▸ Task to complete:
Below is a block of records; repeat each one exactly.
[Start of section]
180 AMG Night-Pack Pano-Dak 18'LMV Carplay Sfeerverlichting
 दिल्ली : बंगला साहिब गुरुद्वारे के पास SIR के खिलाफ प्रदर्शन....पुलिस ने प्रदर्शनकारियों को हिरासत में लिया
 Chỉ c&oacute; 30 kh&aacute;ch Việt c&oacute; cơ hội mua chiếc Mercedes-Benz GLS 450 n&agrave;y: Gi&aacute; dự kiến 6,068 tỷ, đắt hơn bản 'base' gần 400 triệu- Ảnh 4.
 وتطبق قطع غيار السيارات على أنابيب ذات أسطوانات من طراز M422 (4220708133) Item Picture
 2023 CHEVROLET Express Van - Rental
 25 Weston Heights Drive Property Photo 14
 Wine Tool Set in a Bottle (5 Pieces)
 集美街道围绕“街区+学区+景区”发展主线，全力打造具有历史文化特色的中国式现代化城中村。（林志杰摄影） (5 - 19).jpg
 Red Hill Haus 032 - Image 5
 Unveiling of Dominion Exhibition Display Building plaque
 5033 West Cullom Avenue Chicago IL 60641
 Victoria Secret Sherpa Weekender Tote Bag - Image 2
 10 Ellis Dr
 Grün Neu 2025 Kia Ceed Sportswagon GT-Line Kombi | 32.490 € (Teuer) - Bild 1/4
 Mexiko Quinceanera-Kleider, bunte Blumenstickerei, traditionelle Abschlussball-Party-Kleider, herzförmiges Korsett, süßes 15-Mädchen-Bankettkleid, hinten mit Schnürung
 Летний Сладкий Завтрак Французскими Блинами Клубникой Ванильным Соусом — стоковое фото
[End of section]
▸ Exercise output:
180 AMG Night-Pack Pano-Dak 18'LMV Carplay Sfeerverlichting
 दिल्ली : बंगला साहिब गुरुद्वारे के पास SIR के खिलाफ प्रदर्शन....पुलिस ने प्रदर्शनकारियों को हिरासत में लिया
 Chỉ c&oacute; 30 kh&aacute;ch Việt c&oacute; cơ hội mua chiếc Mercedes-Benz GLS 450 n&agrave;y: Gi&aacute; dự kiến 6,068 tỷ, đắt hơn bản 'base' gần 400 triệu- Ảnh 4.
 وتطبق قطع غيار السيارات على أنابيب ذات أسطوانات من طراز M422 (4220708133) Item Picture
 2023 CHEVROLET Express Van - Rental
 25 Weston Heights Drive Property Photo 14
 Wine Tool Set in a Bottle (5 Pieces)
 集美街道围绕“街区+学区+景区”发展主线，全力打造具有历史文化特色的中国式现代化城中村。（林志杰摄影） (5 - 19).jpg
 Red Hill Haus 032 - Image 5
 Unveiling of Dominion Exhibition Display Building plaque
 5033 West Cullom Avenue Chicago IL 60641
 Victoria Secret Sherpa Weekender Tote Bag - Image 2
 10 Ellis Dr
 Grün Neu 2025 Kia Ceed Sportswagon GT-Line Kombi | 32.490 € (Teuer) - Bild 1/4
 Mexiko Quinceanera-Kleider, bunte Blumenstickerei, traditionelle Abschlussball-Party-Kleider, herzförmiges Korsett, süßes 15-Mädchen-Bankettkleid, hinten mit Schnürung
 Летний Сладкий Завтрак Французскими Блинами Клубникой Ванильным Соусом — стоковое фото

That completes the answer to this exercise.